Short and Unnecessary Foreword

Before I describe the book I should like to set the scene, as it were, by describing how it was recommended to me in glowing terms by my new friend, viz. Xtian[1], whom I hold in high regard w.r.t. both intellectual pursuits and such matters of taste as one's reading material. Such an introduction lead me to have high expectations of E&M, and I shall now relate the extent to which these were fulfilled.[2] But first, for your convenience, a glossary of abbreviations:


  • E&M - Everything and More
  • DSP - Digital signal processing
  • NZ - New Zealand
  • YMMV - Your mileage may vary

[1] Who hails from NZ, which is known, amongst other things, for its geographical isolation, being some 2,000km from its nearest neighbour, SE Australia.

[2] See (a) below.

§1a. It is probably appropriate, when writing about a book such as this, to describe my own mathematical background, which is that I have a ten-year-old B.Sc in Physics and Electronics, following which I spent a couple of years using stuff like Fourier and digital domain transformations fairly heavily, working in R&D on the software analysis of radar echoes from "non-co-operative targets". Since then, however, my math usage dropped off pretty much to zero, leading to the present day in which I find myself so completely rusty that, while I'm happy and comfortable arm-waving around the concepts [3], I'd have substantial revision to do in order to be able to coax out any kind of actually useful derivations [4].

[3] For example, I once abandoned an otherwise delightful pub crawl halfway through, when I received a last-minute invite to attend a math lecture by Prof. "chaos theory" Mandelbrot across town instead.

[4] Beyond the basics, that is. Obviously I could still limp through some fundamentals.

§2a. So, the first thing to relate is that Mr. Wallace's descriptions of the nature of, and relationships between, all the transfinites** brought me genuinely thrilling moments of heart-racing excitement and revelatory wonder - not once, but several times. The subject matter is indeed a captivating one, and made all the more so for me because it covers topics which I have not previously studied, namely the central one of infinity itself, but also peripheral ones such as the difficulties the Ancient Greeks had in wresting with abstraction, as hinted at by their lack of a verb meaning 'to exist'. This, of course, caused them no end of problems mathematically, which is arguably nothing but abstractions, and they therefore had problems not just with infinity, but also with significantly more mundane concepts such as zero [5] and irrationals [6].
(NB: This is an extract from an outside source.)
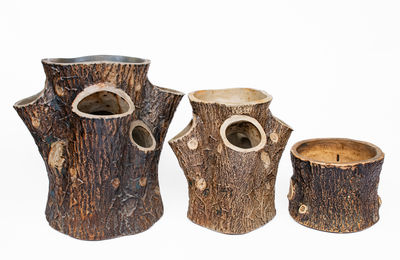 Lot of Three: Graduated F. B. NORTON & CO. / WORCESTER, MASS Stoneware Stump-Form Planters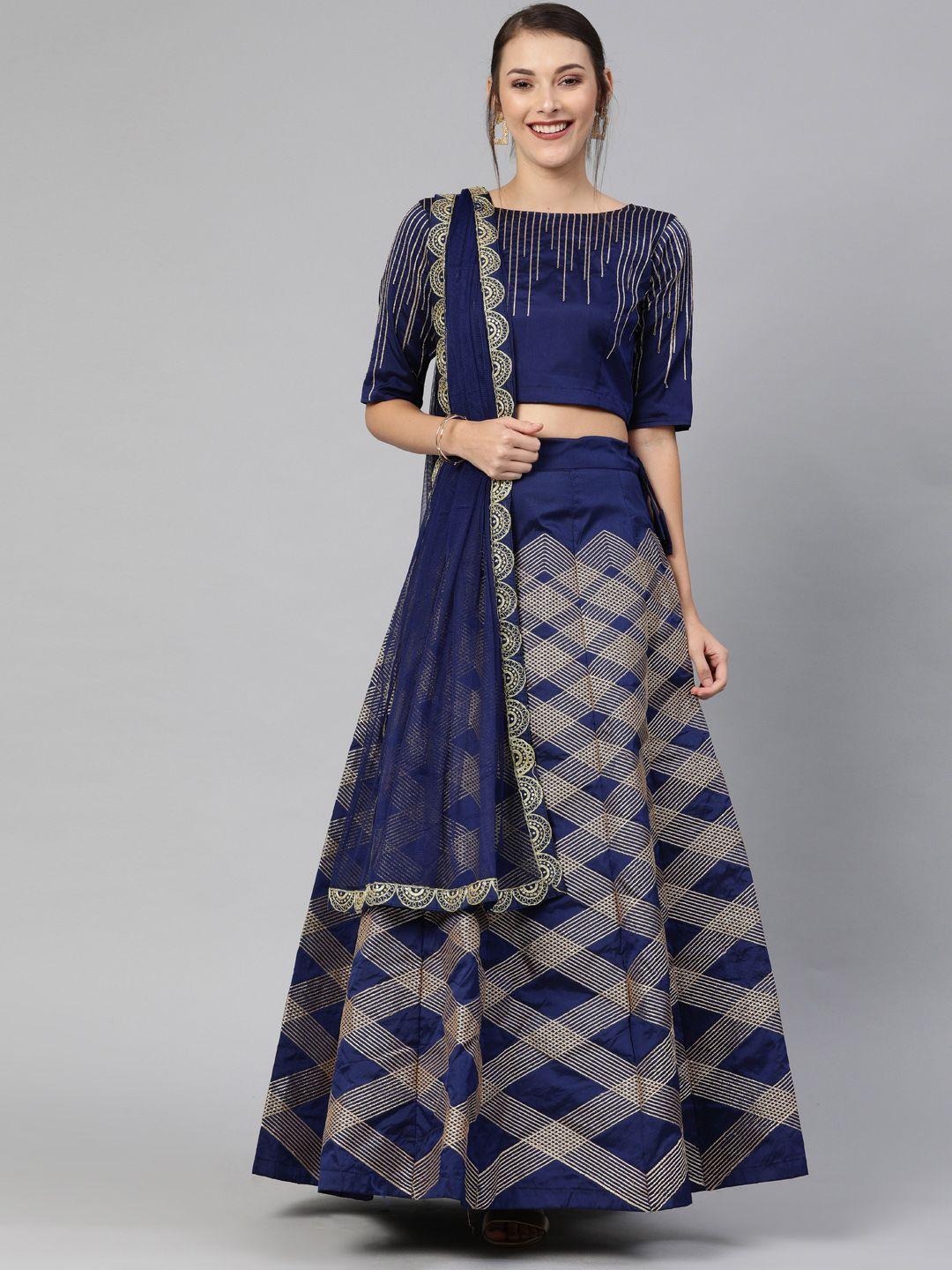 mitera navy blue & gold-toned embroidered semi-stitched lehenga & unstitched blouse with dupatta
[5] which they didn't have and apparently never missed

** due to Cantor, et al,

[6] which, if I were Bill Bryson, I would describe as "all the fiddly fractions [7] that exist in the gaps between the familiar, round-number fractions*** such as 3/4, 1/8 and 34/978."
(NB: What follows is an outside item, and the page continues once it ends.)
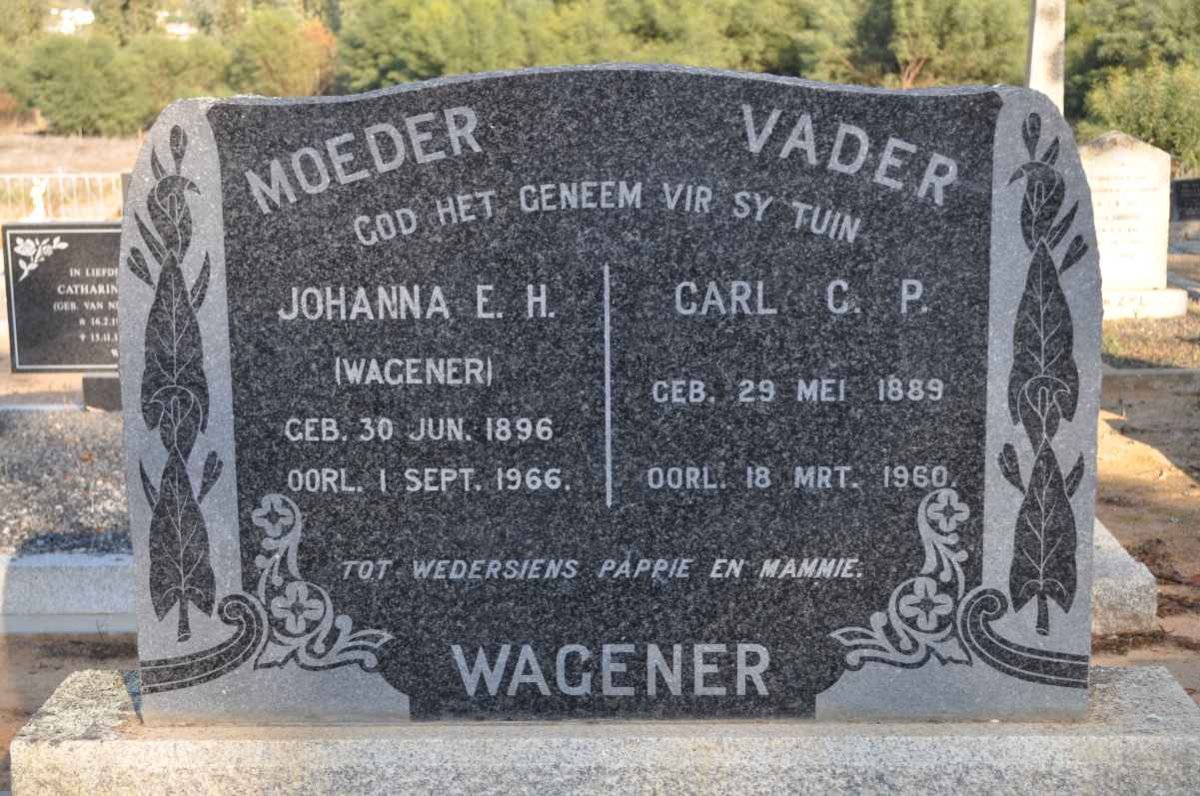 WAGENER Carl C.P. 1889-1960 &amp; Johanna E.H. WAGENER 1896-1966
[7] The A.Greeks refused to believe irrationals [6] existed, and when they eventually realised that even some of the most basic measurements from geometry(a) could not ever be expressed as the ratio of two whole numbers, it shook their mathematical confidence in ways from which they arguably never really recovered.
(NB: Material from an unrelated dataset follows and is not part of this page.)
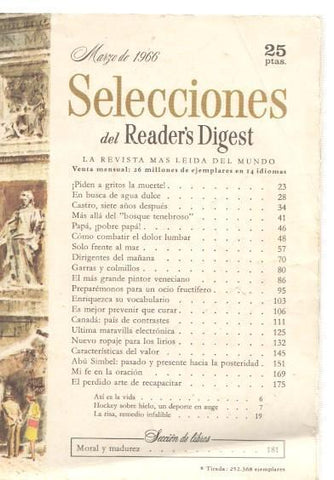 Selecciones del Reader s Digest marzo 1966: Piden a gritos la muerte !- Castro,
(a) (such as the diagonal of a unit square)

*** viz. the rationals.

The negatives

§2b. However, there is one other factor about the book which (B) I should probably mention, and that is that I have never, in all my life, read a document of any description which was as poorly organised, as haphazardly ordered, and ridiculously and unnecessarily over-footnoted, as inconsistently titled and annotated and bracketed by section headings and end-of-section headings, as pointlessly cross-referenced, and as littered with notes to the effect that his editor suggested he should make the following changes. It is in the exact state that I would expect to find it if I had found a first draft abandoned on a park bench, heavily marked with red biro as the result of several furious exchanges with an increasingly antagonistic publisher. And reading an entire paperback of this idiocy almost drove me BATSHIT SCREAMING INSANE.

End of the negatives

(B) in the interests of fairness

§3. So there you have it. YMMV. I'm am glad I read it, but god I found it hard work - not because the math was hard to follow, just simply because the shambolic prose annoyed the living snot out of me. If you have a potential interest in the subject matter, and the style of this review doesn't make your hackles stand on end, then this book is for you (c).

(c) probably

Rating: ∞ x 0. Er... 6?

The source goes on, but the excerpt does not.